Journaliste, éprise d’expressions artistiques plurielles, attentive au monde et à ses cruautés, cette femme très intelligente et très curieuse des autres, s’est éteinte vendredi. Elle avait 91 ans.
Le journalisme est un artisanat. Il y a des maîtres. Ils ne portent pas le titre de compagnons du devoir, comme ceux qui font renaître Notre-Dame. Mais ils sont aussi talentueux, connaissant leur métier par l’expérience et l’exigence. Des modèles. Mais ils sont encore plus précieux que des femmes et des hommes que l’on admire. Ils transmettent.
Sans leçon, sans prétention, sans jamais se mettre en avant. Mais en prenant le temps de bavarder, de partager. Parfois des spectacles. Surtout des spectacles, il y a quelques années encore, Nicole Zand aimait aller dans les salles parisiennes. Au théâtre, à l’opéra, au concert. Comme elle allait au cinéma, curieuse de tout, gourmande de connaître les jeunes talents de son temps.

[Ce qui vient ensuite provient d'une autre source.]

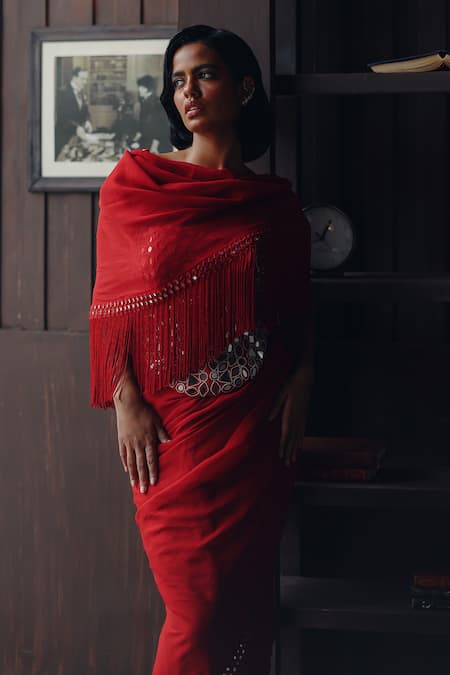 Buy Twenty Nine Red Georgette, Satin Mirrors, Scalloped Mirrorwork Saree With Corset Blouse Online at Aza Fashions Buy_Twenty Nine_Red Georgette, Satin Mirrors, Scalloped Mirrorwork Saree With Corset Blouse _Online_at_Aza_Fashions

Nicole Zand s’est éteinte vendredi 23 février. On redoutait cette nouvelle. Elle avait un bel âge, 91 ans. Et longtemps son énergie, son intelligence, son goût du savoir, son amour des autres, sa curiosité du monde, l’avaient conduite à oublier tous les maux éventuels que l’on peut subir, lorsque l’on n’a plus vingt-cinq ans, pour aller dehors. Au dehors. A l’avant.
C’était une femme à la rencontre. Elle allait et en même temps, ouvrait la voie.
Le destin avait voulu que, lorsque son mari, Jacques Amalric, grand homme de savoir, de morale, journaliste très lu et profondément respecté, alors au Monde, s’était trouvé en poste aux Etats-Unis, on leur avait demandé d’être des vigies de la jeune création américaine. Le Bread and Puppet ? Le très précoce Robert Wilson ? C’est eux. Sans doute ces artistes n’auraient pas si tôt franchi l’Atlantique sans Jacques Amalric et Nicole Zand.
De Nancy à Avignon en passant par Paris, le Festival d’Automne, ces éveilleurs auront permis au public européen de découvrir le … Nouveau Monde. Parfois en se heurtant à des incompréhensions certaines, des responsables d’institutions, notamment.
Nicole Zand, une plume, une grande plume du Monde mais aussi une journaliste allant au cœur des événements, lucide, courageuse, détestant les fausses valeurs, l’hypocrisie, l’arrogance des puissants cyniques. Elle était critique littéraire, mais les poètes subvertissent les frontières. Et son regard s’exerçait sur tout ce qui peut concerner un être humain un peu sensible.
Faut-il en dire plus ? Elle admirait ses enfants et leurs proches. Elle adorait Jeanne Balibar, sa belle-fille pour toujours, mère de deux petits-enfants dont le père est Mathieu Amalric, son fils comédien, cinéaste, audacieux merveilleux. On pense aussi au reste de la famille, bien sûr, mais on ne veut pas être indiscret. On pense à ses origines. A ses horizons, aux échanges. Mais elle l’a raconté elle-même.
C’était juste peu de mots, pour saluer cette femme électrique, éclectique, un esprit libre, souvent très drôle, toujours sensible, une grande vivante qui nous quitte mais nous as transmis, par-delà l’exigence du journalisme, une manière de résister aux mensonges séduisants de nos mondes.